Thursday, November 08, 2007
Guess the Plot
1. When Harold Waterman finds three corpses in his garden, it's only the beginning. Before the day is over he'll have crossed the line from living to dead and into a demon-inhabited world whose fate hinges on the actions of a taxi driver.
2. Before it's In this sequel to the enduring Flatland, the gentleman square tries his hand at amateur detecting when a line segment is found dead on the plane. A cast of one- and two-dimensional characters "round out" this terrifying tale of the geometric killer. Also, a rhombus.

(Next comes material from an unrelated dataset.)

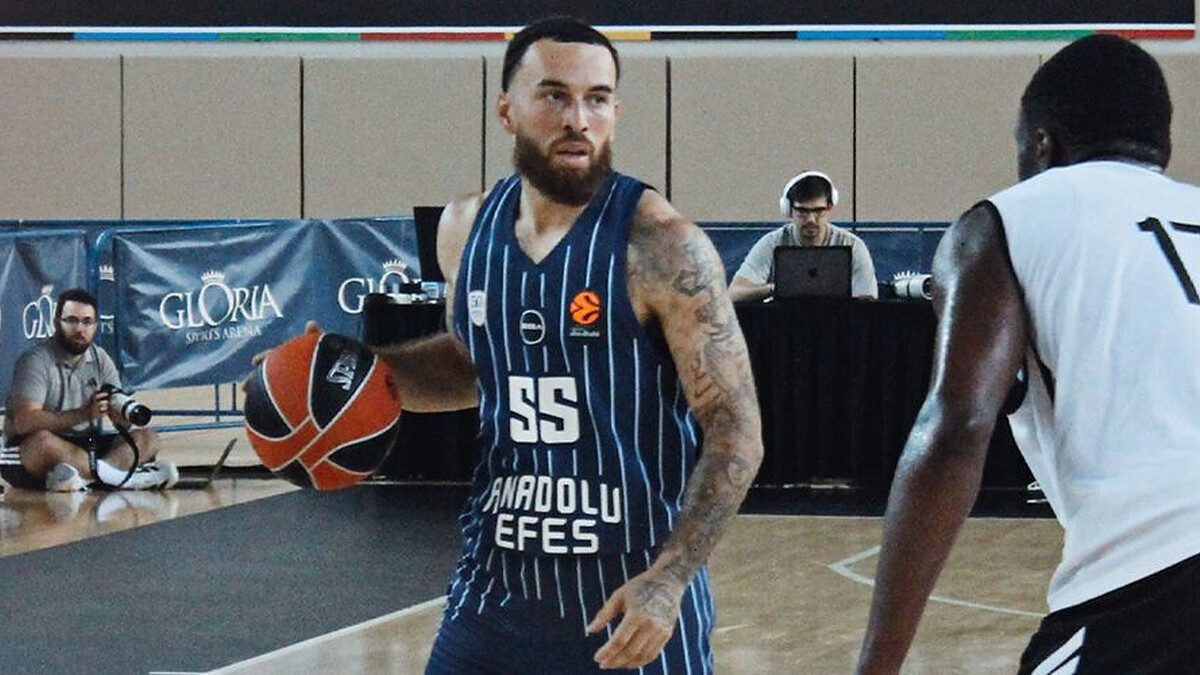Mike James scored 27 points as Anadolu Efes won the VTB SuperCup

3. Trudy was on track for a promotion to full-time lineman with Campbell Power and Light, until she crossed the black and the red and shorted out half of Tuscaloosa. Handsome George has offered to take the blame for the Dead Line, but is there a catch? Can Trudy save her job and learn to trust a guy who's a few watts short of an ampere?
4. On a dare, Ted crossed the line, but now he's dead and an army of zombies is determined to make him their newest recruit. Can Bella LaBod rescue her lover from a fate worse than death? And will she be able to come back to the land of the living after she's ventured beyond the . . . Dead Line?
5. Three dead bodies, all found along a single line of longitude was weird enough. Eight is a pattern. Detective Shorty Reynolds needs to find The Meridian Killer before the line of the dead stretches from one end of the globe to the other.
6. A rare X Class solar flare wipes out the communications satellite that Eliza us using to plan her coming out party. With her cell phone dead and no text messaging, will her guests be left with pot luck meatloaf and garlicky spinach dip from the supermarket for snacks? The fate of the known world is at stake.
Dear Mr Evil
When Harold Waterman found three corpses in his garden he didn’t think his day could get any worse, that was until he was assassinated in his pyjamas and learned there are more terrifying places to go than Heaven and Hell. [Heaven isn't all that terrifying, except for the part where if you fall off a cloud you plummet into hell.] It’s lucky for him that his best friend is a demon who can pull some strings, if he can only stop being so sarcastic to God.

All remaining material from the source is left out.